Foto: P. Tarasewicz / CGM.PL
Fame MMA 9 nadchodzi zbliża się wielkimi krokami. Gala odbędzie się w najbliższą sobotę. W oktagonie zobaczymy kilkoro przedstawicieli muzycznego świata – m.in. Zusje, Kubańczyka, Popka i Kizo. Dwaj ostatni zmierzą się w walce wieczoru. Dla obu będzie to drugie starcie w barwach największej polskiej federacji freak fightów. Podczas siódmej gali Popek zdemolował Stiflera, wcześniej na „czwórce” Kizo musiał uznać wyższość Mielonidasa.

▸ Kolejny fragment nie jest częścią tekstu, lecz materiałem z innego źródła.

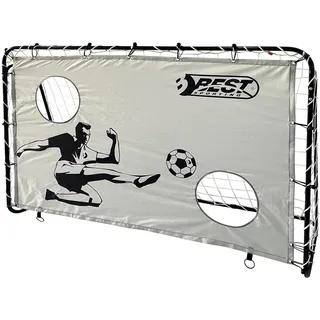 Best Sporting Fußballtor »Fußballtor mit Torwand 2 Schusslöcher«, schwarz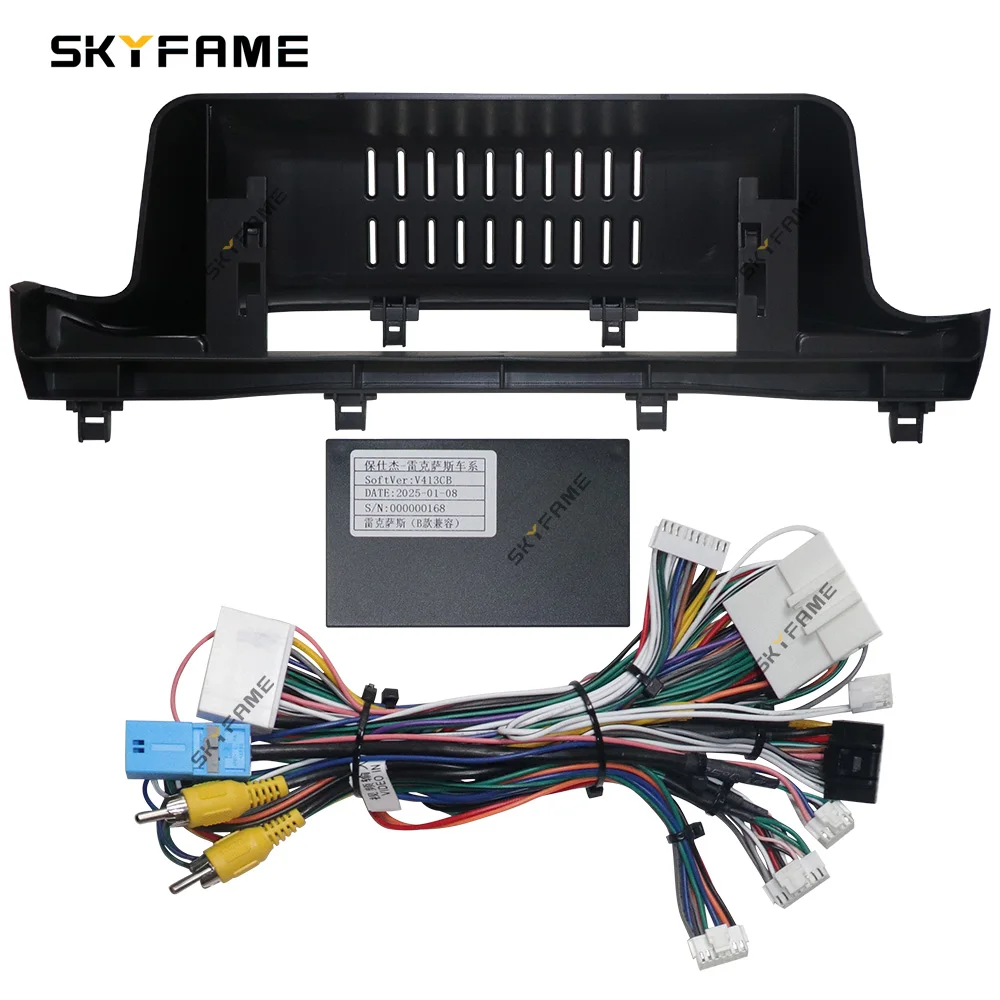 SKYFAME Car Frame Fascia Adapter Canbus Box Android Radio Audio Dash Fitting Panel Kit For Lexus RX RX300 RX350 RX450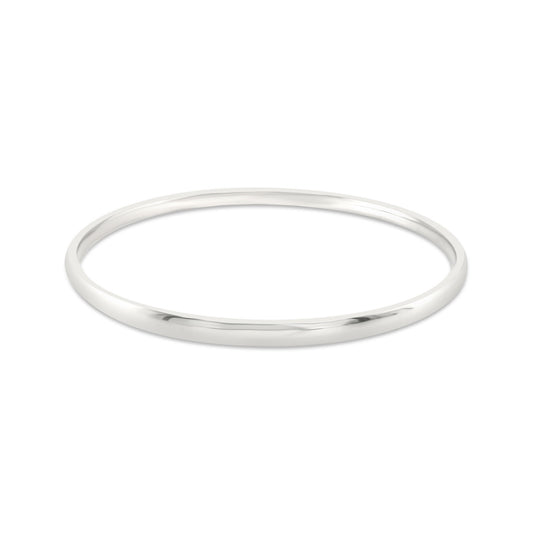 Sterling Silver 8 1/4" Light Oval Golf Bangle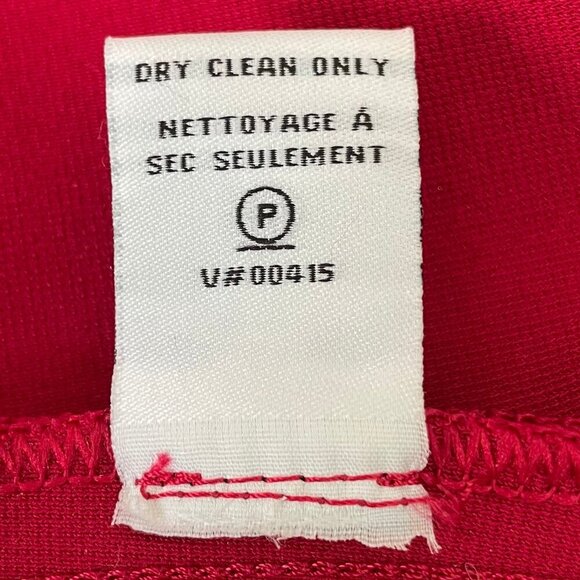 Diane von Furstenberg Samara Tailor JSY Designer Fitted Pencil Midi Skirt Red 4 - Picture 9 of 14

– Kizo musi zmyć plamę, którą położył na ringu przy ostatniej walce. Wielki szacun, bo wiem, że przepracował ten okres solidnie. Widzimy się szóstego – mówi na niespełna tydzień przed walką Popek. Zapytany o swoją formę, Popek podkreśla, że jest spokojnie, bo jest dobrze przygotowany.
– Normalny dzień Popka to dwa razy dziennie trening, jazda z miejsca na miejsce. nie ma czasu nawet, żeby się porządnie odlać – śmieje się raper.
W rozmowie z Mateuszem Kaniowskim Popek nie ukrywa, że przygotowania do walki z Kizo przychodzą mu łatwiej niż to miało miejsce przed pojedynkiem ze Stiflerem.
– Po walce zrobiłem sobie runmageddonik, potem przetrenowałem kolejne trzy miesiące. Na pewno lepiej oddycham, to jest duży plus. Przede wszystkim lepiej się czuję – zapewnia Popek.
Popek w odpowiedzi komplementował przeciwnika, podkreślając jego mocne strony.
– Kizo zaje***cie się rusza na nogach i będę musiał bardzo uważać, żeby skrócić dystans i go dopaść. W stójce walka będzie wyrównana, w parterze mam więcej szans. Kizo zrobił mega robotę w przygotowaniach i muszę bardzo na niego uważać tak jak on na mnie – powiedział.